Stereo Matching Method with Integrated Geometric Encoding for Disparity Refinement
Shujia Ye,Ligang Cao,Chun Yuan,Hao Feng,Lihua Yang,Qianghua Li,Peng Sun,Gang Li
DOI: https://doi.org/10.1109/ijcnn60899.2024.10650651
2024-01-01
Abstract:Neural network-based stereo matching algorithmms have made significant progress in fields such as robot navigation and autonomous driving. These application scenarios where fast and accurate obtaining the disparity of stereo images is critical for real-time stereo matching decisions. However, current stereo matching algorithms face the challenge of balancing real-time and accuracy while maintaining high accuracy. In this paper, we propose a disparity update strategy based on geometric encoding (MDStereo), which uses global and non-local geometric feature information to update disparity for highly accurate and quick matching. The proposed MDStereo constructs a group of geometric encoding volumes to encode the local information of the image; Next, a new GEDU method for disparity updating is proposed, which retrieves the correlation of high-resolution cost volumes in the form of sampling, and then fuses the geometric encoding information to iteratively update the disparity.
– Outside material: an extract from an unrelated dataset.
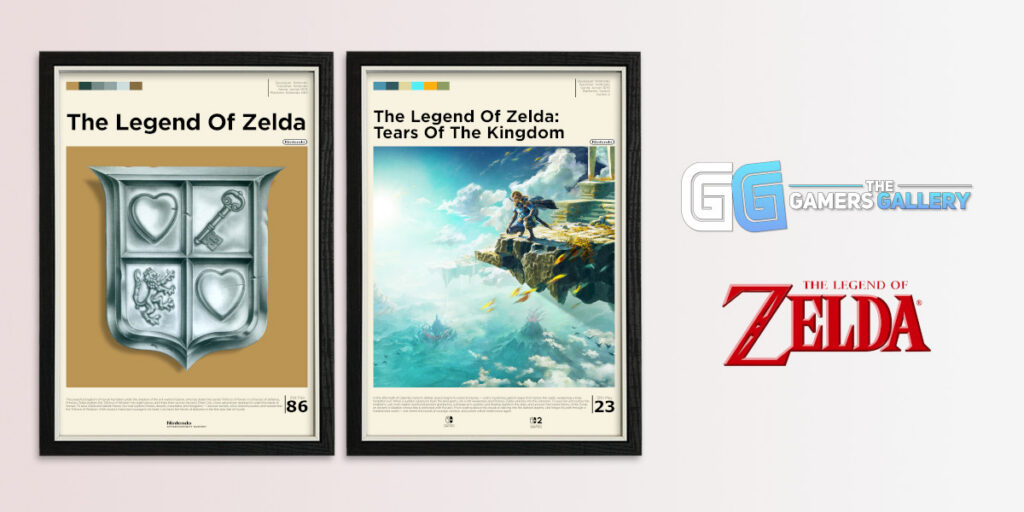 Framed Legend of Zelda and Tears of the Kingdom Legend of Zelda posters with a Zelda logo and Gamers Gallery logo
Compared to RAFT-Stereo which retrieves correlations from all cascade cost volumes, our GEDU not only provides rich information but also has a more concise architecture. Furthermore, to speed up the inference of the algorithm, we improve the 3D stacked hourglass network, which effectively increases the receptive field and reduces the computational complexity. Our MDStereo has validated its effectiveness and accuracy on several benchmarks, achieving an EPE (end point error) of 0.58 pixels, a 3-pixel error of 2.58%, and a runtime of 43ms on the Scene Flow dataset. At the time of writing, MDStereo outperformed the published real-time methods at the popular KITTI 2012 and KITTI 2015. Compared with existing iteratively updating disparity methods (e.g., RAFT-Stereo), our method reduces the memory consumption by 54% and greatly improves the inference speed.